Papiamentu evolved over five centuries and embodies Curaçao’s complex history. Spanish sailors spotted the island in 1499, invaded soon after and enslaved the indigenous Arawaks, Some Arawak words survived especially in the names of flora and fauna like iguana, a common local reptile. In 1634 the Netherlands, who were fighting the Spanish Empire for independence, seized Curaçao and turned it into a hub for the Dutch West India Company’s slave trade. Portuguese traders and African slaves brought with them a Portuguese-based pidgin from the Cape Verde Islands. A language of trade, it was a simple mix of Portuguese, a little French, Wolof from nearby Guinea-Bissau and from the big slaving hub Goré Island off Senegal, Mande languages from the coast and the Congo, and Bantu, a major language group, from the Portuguese colonies in the south, Mozambique and Angola. The stolen Africans, often deliberately separated from their own tribes, used this trade pidgin to communicate with countrymen from elsewhere in the vast continent. Traces of another secret language Guene (Guinea), used by slaves in song, still exist in Curaçao folk music today.

Sephardic Jews, who’d fled the Inquisition in the Iberian Peninsula for Amsterdam, were sent to Curaçao as translators from the 1640s; they brought Dutch as well as their own form of Portuguese into the linguistic mix. In 1654 the Dutch lost their Brazilian colony Recife and more Sephardic Jews reached Curaçao. Different strains of Portuguese came later too with workers from Madeira and the Azores. In the 20th century Ashkenazi Jews bought Yiddish from Romania and Bessarabia.

Dutch-inspired words include buki – book – and lesa – to read – reflecting the fact that the education system in Curaçao is Dutch. English provided bèk – back, bòter – bottle, baiskel – bicycle.  In the 19th century immigration from Latin America brought more Spanish into the language. In the 21st century illegal Spanish-speaking immigrants are arriving from troubled Venezuela, if they can evade the Curaçao naval patrols.

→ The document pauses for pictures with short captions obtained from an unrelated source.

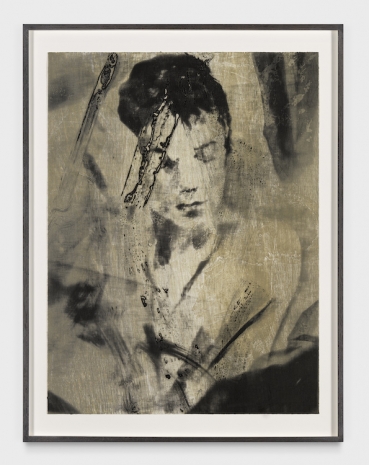 Matt Saunders, Birkin Rosso 10, 2025 , Marian Goodman Gallery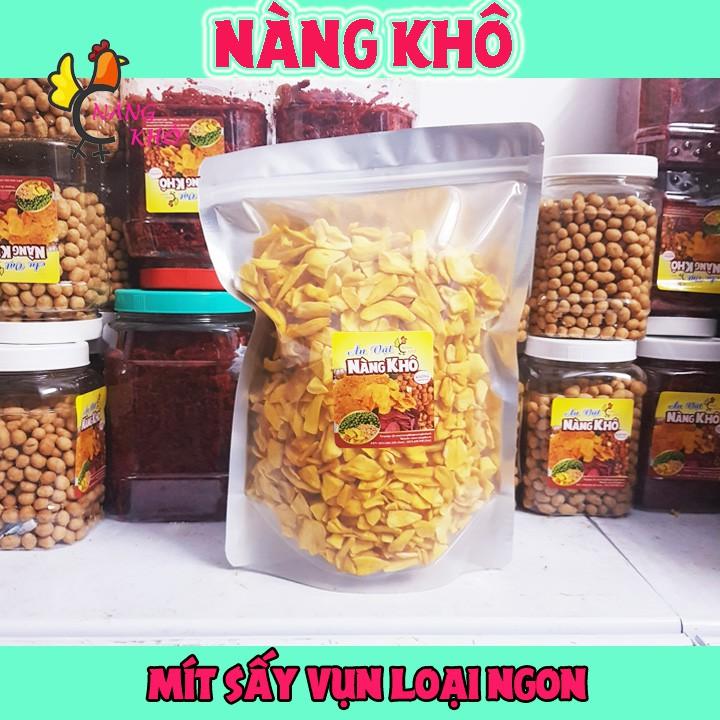 Mít sấy VỤN xuất khẩu ( HÀNG VỤN ) - 500g R | Đồ ăn vặt Nàng Khô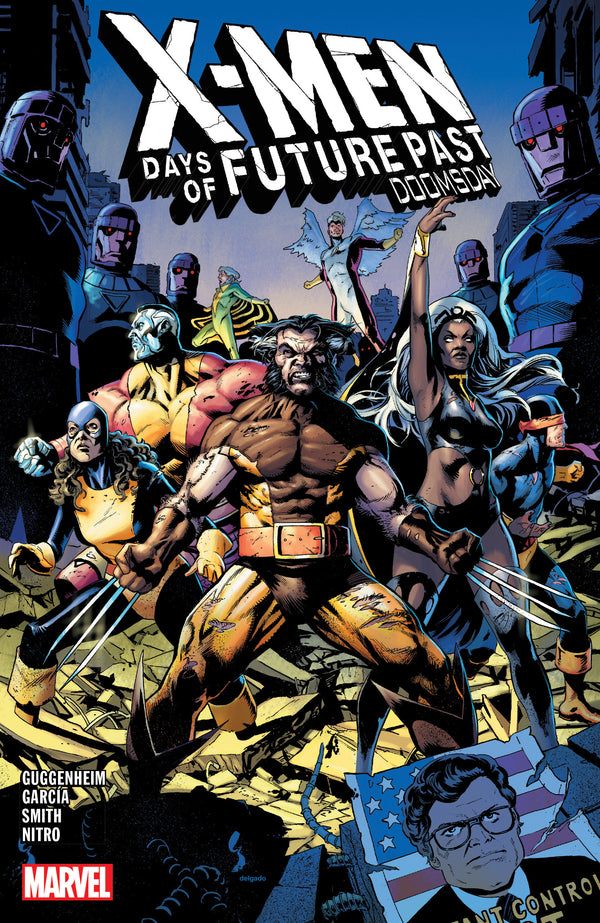 X-MEN: DAYS OF FUTURE PAST - DOOMSDAY TPB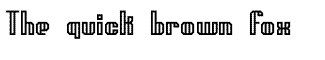 Retro fonts A-M: Genotype H-BRK-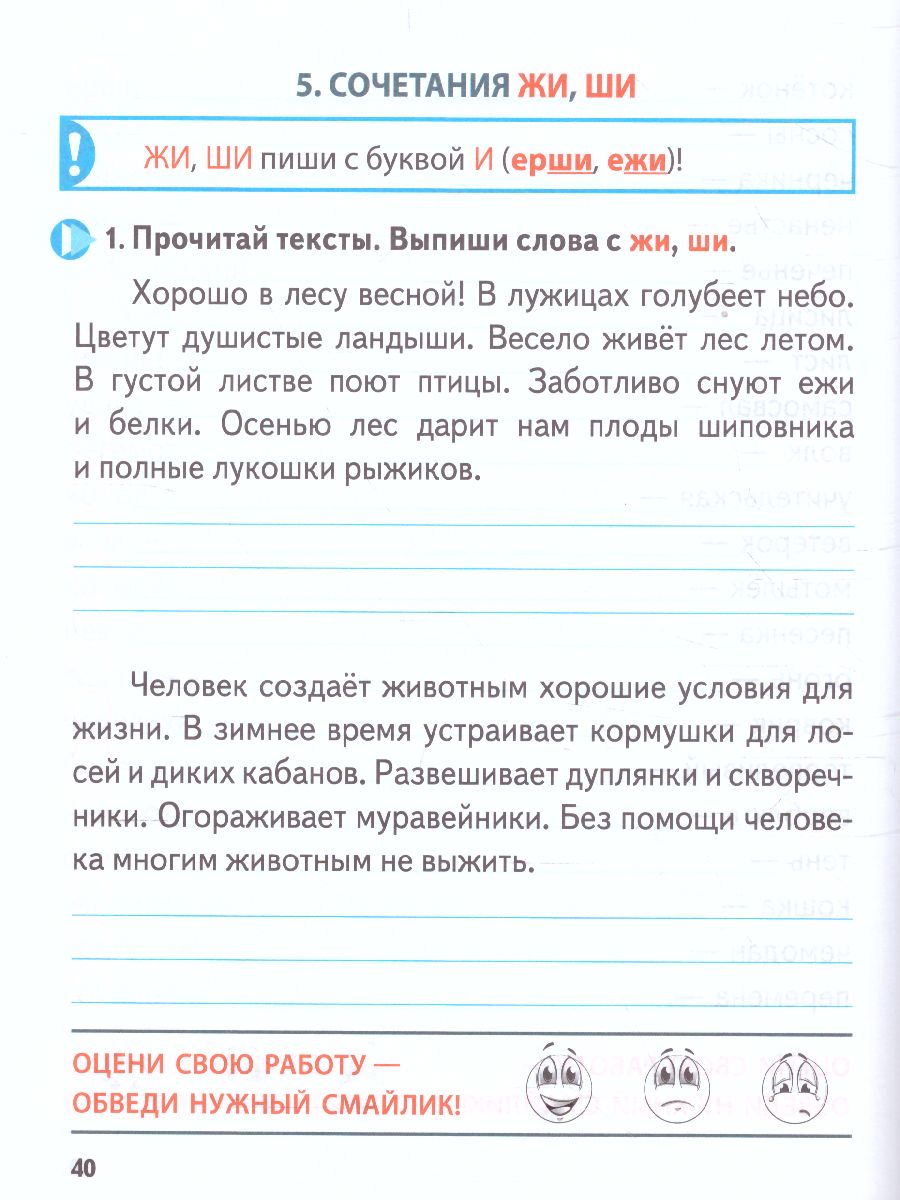 Тренажер классический. Русский язык 2 класс. Упражнения для занятий в школе  и дома - Межрегиональный Центр «Глобус»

All of this is fascinating to the linguist or the historian, but the practical usefulness of Papiamentu became apparent when I tried to order a takeaway in the Bon Bini Chinese in the little village of Lagun. The sulky girl, behind an unnecessary security grille, spoke only Mandarin and enough Papiamentu to serve local octogenarians their nightly bottle of Amstel. I wracked my brain for bits of Spanish and phrases I’d read in the Wiki guide to Papiamentu. “Komida?” I asked, doing the universal hand to mouth gesture for food. Sulky gave me a menu, all in Papiamentu. I worked out that piska is fish and galina is chicken and I drank a beer with the old men while it was cooked. “Bon bon danke,” I said as Sulky pushed the take-out cartons through the hole in the Bronx-style grille. Then inspiration struck and I remembered it was almost Chinese New Year. “Gung ho fat chow!’ I added. The girl’s sullen face lit up and she replied volubly in Mandarin; sadly I’d used up my entire vocabulary but the ice had thawed and I became a very popular customer.

Never underestimate the power of language, a little can go along way. Bon dia, dushi.